== Segment start ==

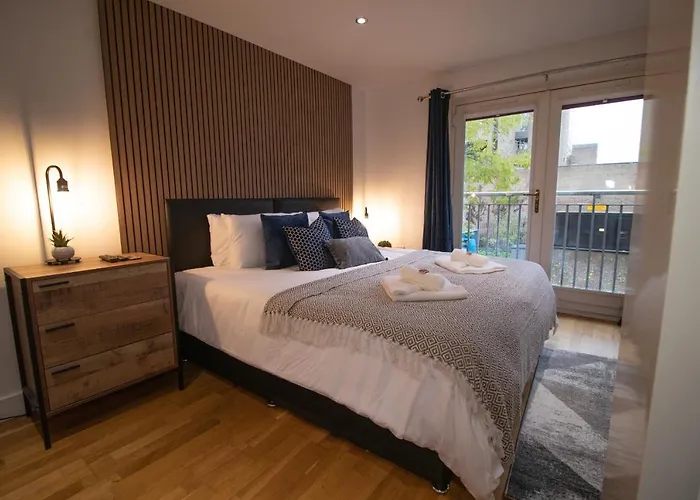 Union Suite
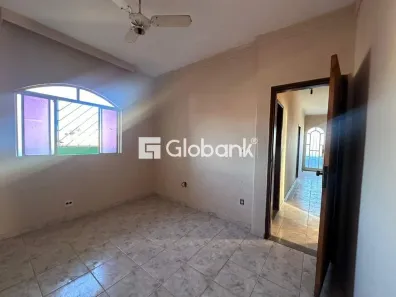 Cobertura com 3 Quartos à venda, 228m² no Alto São João, Montes Claros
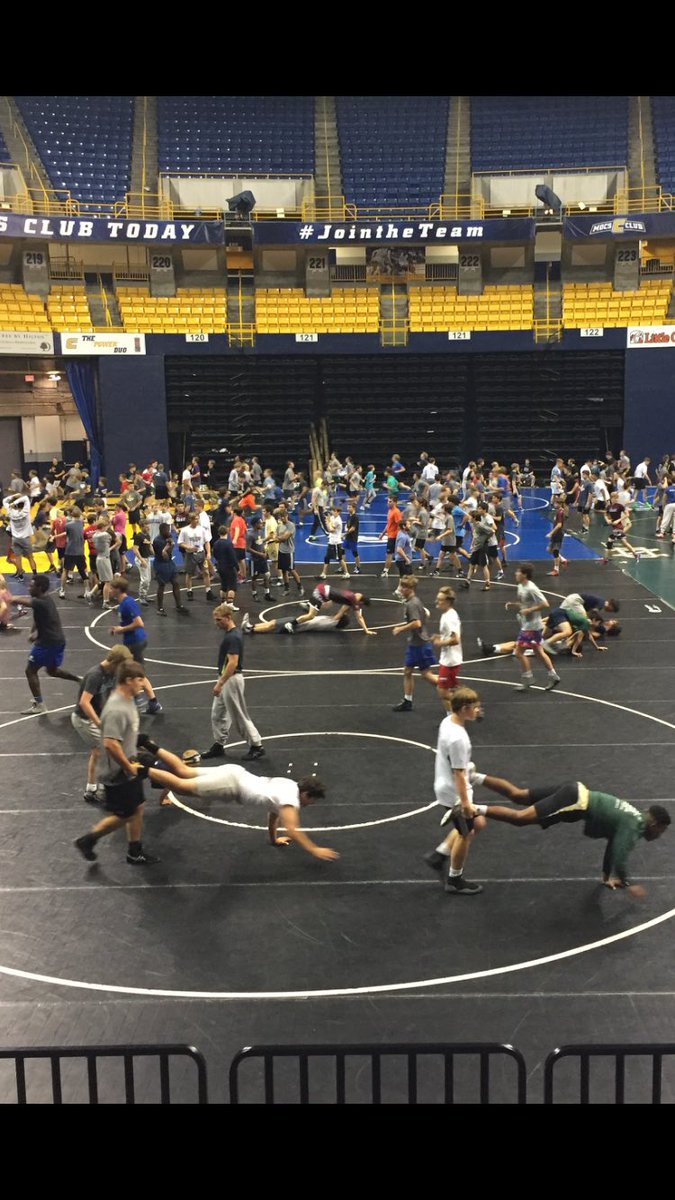 WrestlingCville's tweet image. Day 2 of @UTCWrestling camp.  7:45cst and we are warming up for full day of wrestling.  2 technique sessions, 5 matches, and some great motivational speeches by Coach Eslinger.  #makingbettermen #teambuilding #212degrees #EntertheDragons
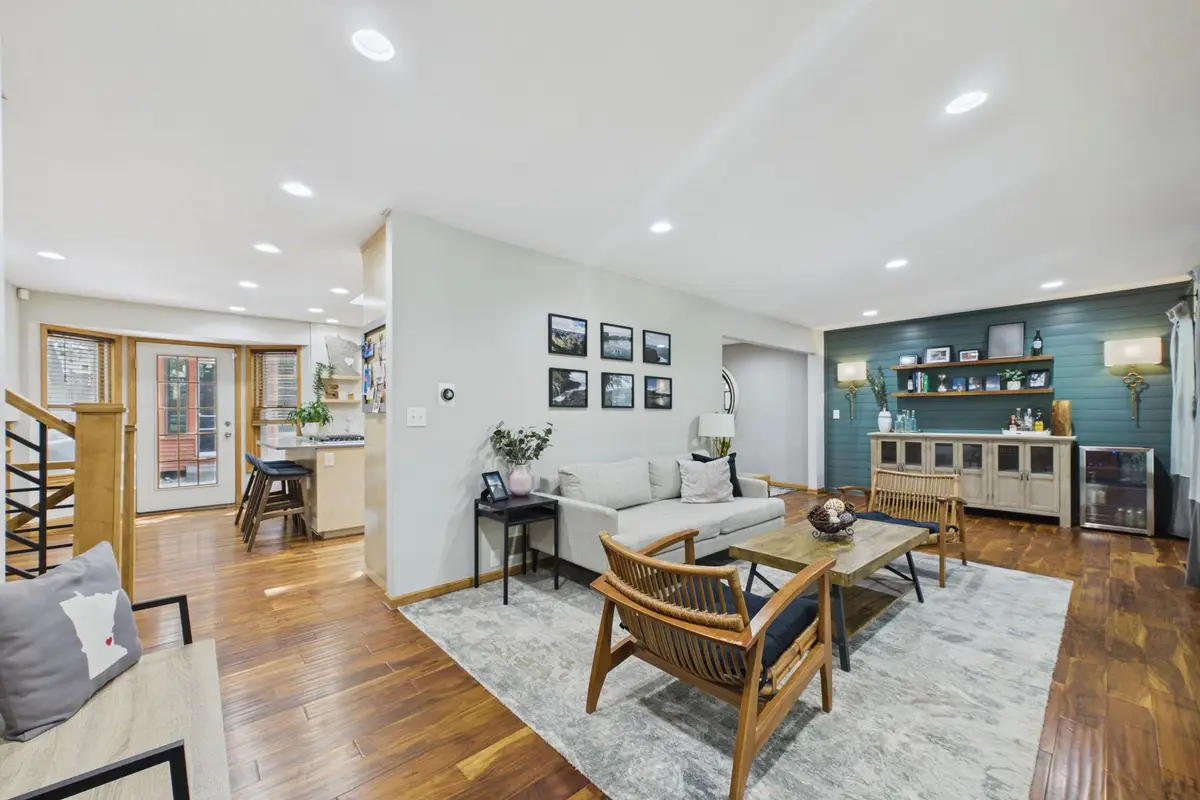 30 B Street, Saint Paul, MN 55106 - #1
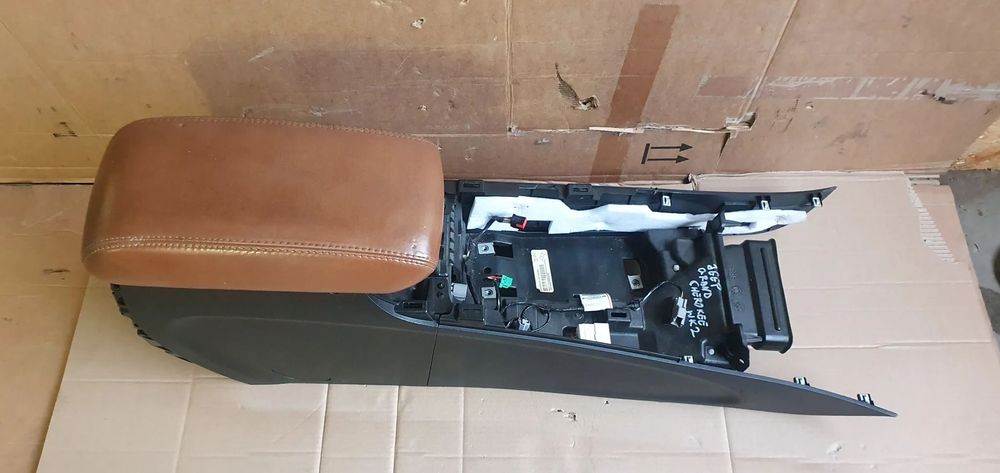 Tunel środkowy osłona tunelu podłokietnik skóra Jeep Grand Cherokee WK2 IV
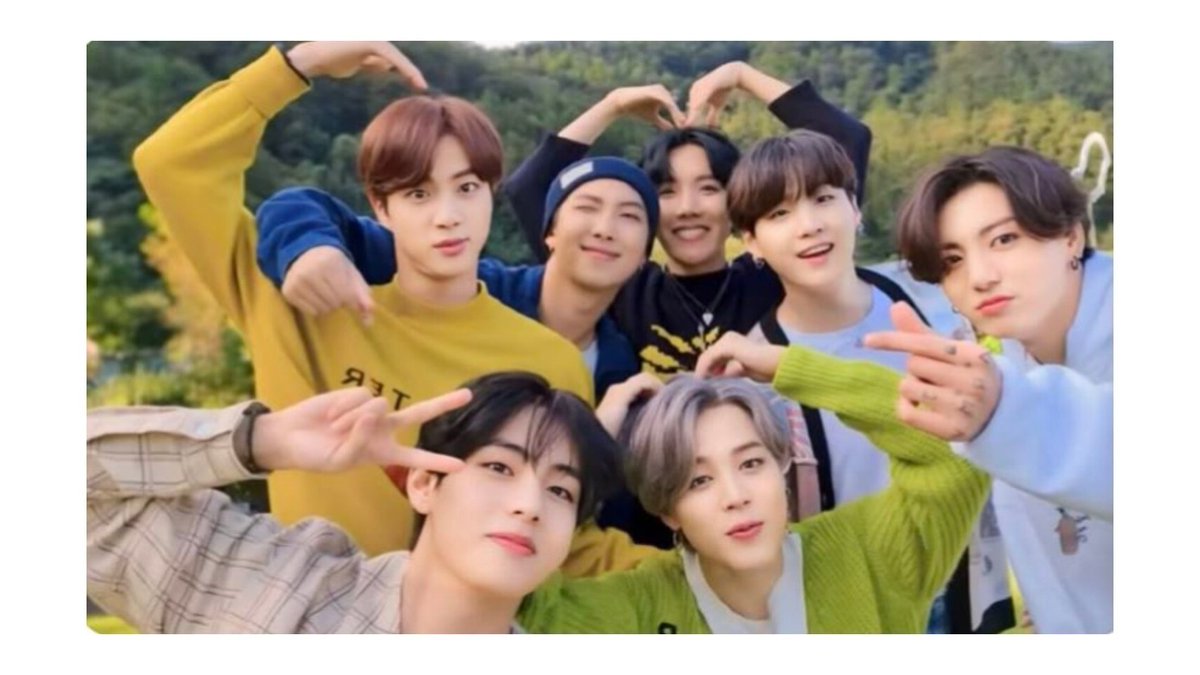 ᴀᴜʀᴏʀᴀ⁷ tweet media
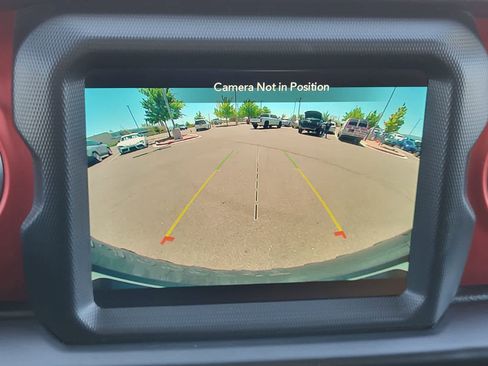 Used 2022 Jeep Wrangler Rubicon w/ Cold Weather Group AWD/4WD image 20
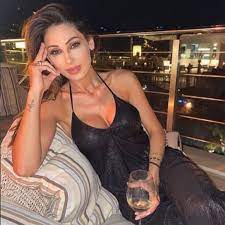 Anna, the main character in mister god, this is anna by fynn; Anna Tatangelo Her Slip Dress Is Trendy And It Distances Itself From D Urso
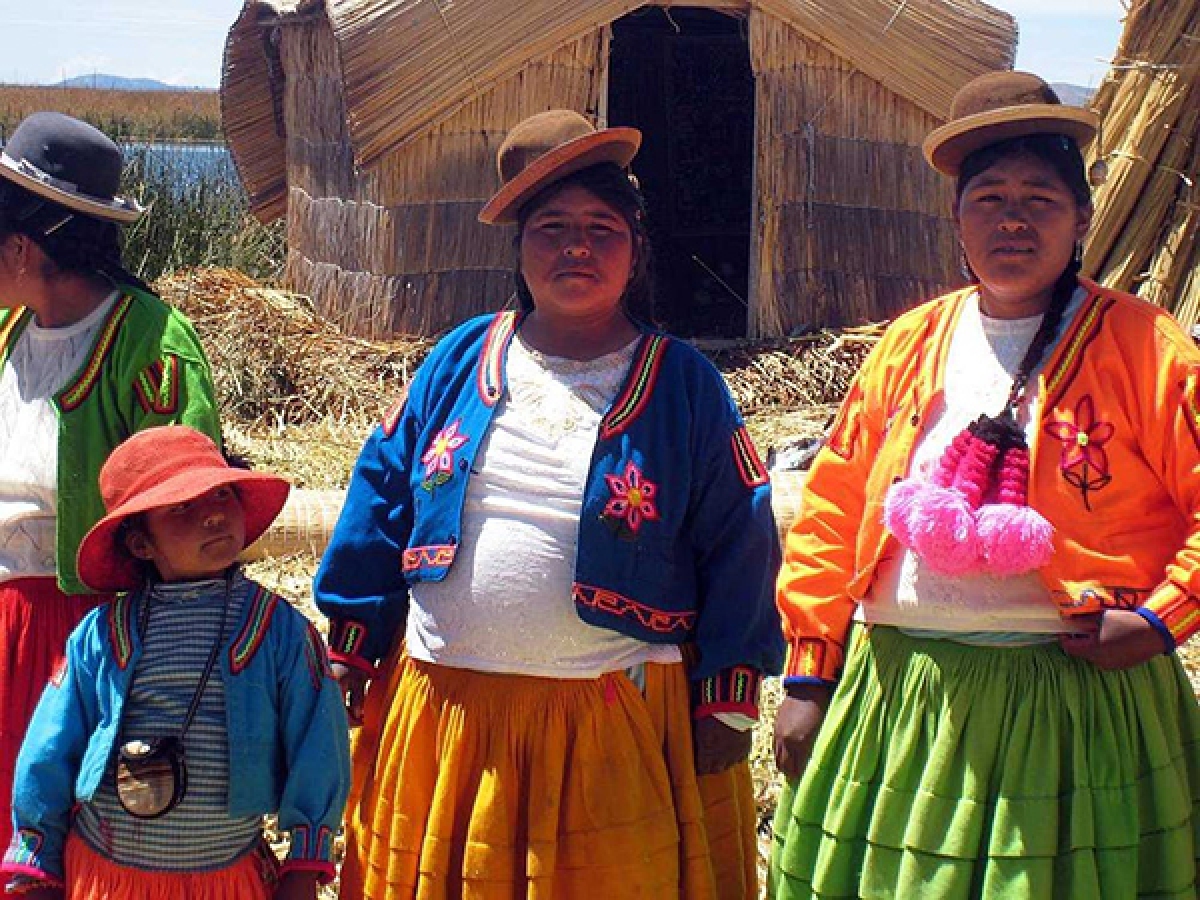 Trang phục truyền thống đầy màu sắc của người Uros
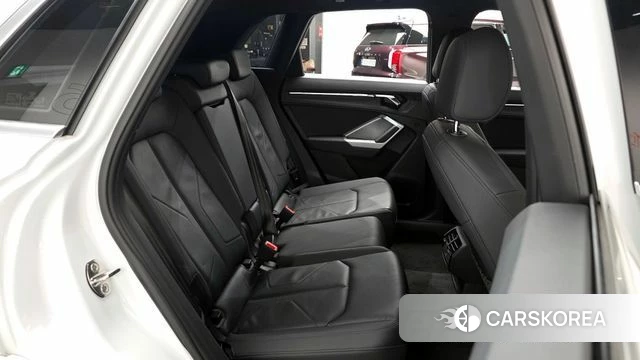 Audi Q3 (F3) 2020 Белый из Кореи, фото 3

== Segment end ==

▸ PROBLEM REQUIREMENTS: Could you transcribe every entry above exactly, leaving out the images?

▸ RESULT BELOW:
 Union Suite
 Cobertura com 3 Quartos à venda, 228m² no Alto São João, Montes Claros
 WrestlingCville's tweet image. Day 2 of @UTCWrestling camp.  7:45cst and we are warming up for full day of wrestling.  2 technique sessions, 5 matches, and some great motivational speeches by Coach Eslinger.  #makingbettermen #teambuilding #212degrees #EntertheDragons
 30 B Street, Saint Paul, MN 55106 - #1
 Tunel środkowy osłona tunelu podłokietnik skóra Jeep Grand Cherokee WK2 IV
 ᴀᴜʀᴏʀᴀ⁷ tweet media
 Used 2022 Jeep Wrangler Rubicon w/ Cold Weather Group AWD/4WD image 20
 Anna, the main character in mister god, this is anna by fynn; Anna Tatangelo Her Slip Dress Is Trendy And It Distances Itself From D Urso
 Trang phục truyền thống đầy màu sắc của người Uros
 Audi Q3 (F3) 2020 Белый из Кореи, фото 3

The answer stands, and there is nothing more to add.